▸ Work task
When you reach the line that contains "studio by the", begin copying exactly and continue through the last line below. Do not copy pictures.

Listed entries START

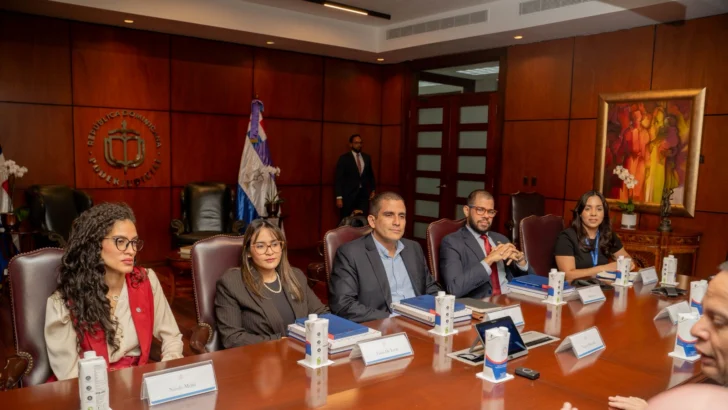 SCJ y WCA-RD impulsan el “compliance” para fortalecer la transparencia y la integridad judicial
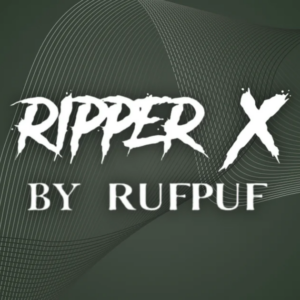 RIPPER X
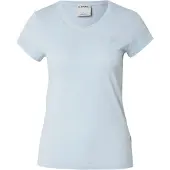 G-Star Overdyed Eyben Kort Ermet V-hals T-skjorte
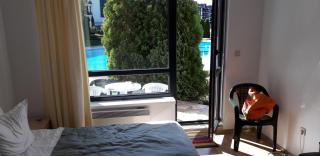 studio by the Pool in Aspen Heights Bansko - Bansko - 7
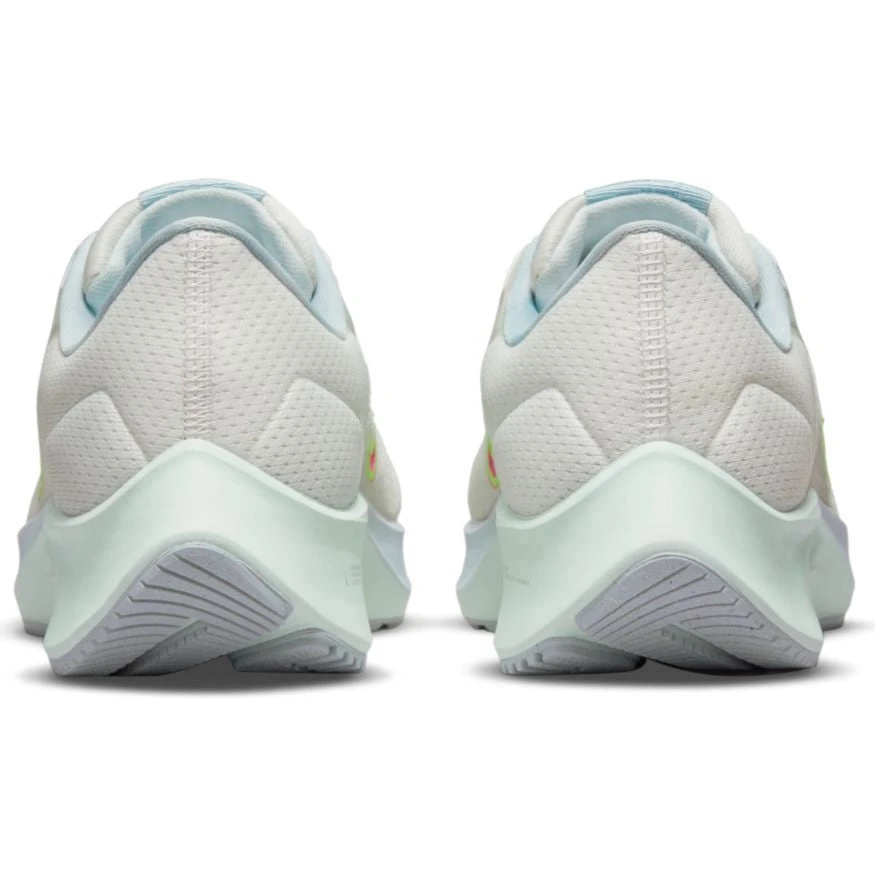 Nike Women’s Zoom Pegasus 38 Premium (111 - Summit White/Volt/Black/Aura) 7 Nike Women’s Zoom Pegasus 38 Premium (111 - Summit White/Volt/Black/Aura) - Image 5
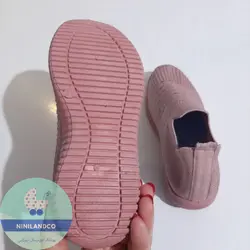 کفش ورزشی و تفریحی دخترانه young style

Listed entries END

▸ Output of the exercise
 studio by the Pool in Aspen Heights Bansko - Bansko - 7
 Nike Women’s Zoom Pegasus 38 Premium (111 - Summit White/Volt/Black/Aura) 7 Nike Women’s Zoom Pegasus 38 Premium (111 - Summit White/Volt/Black/Aura) - Image 5
 کفش ورزشی و تفریحی دخترانه young style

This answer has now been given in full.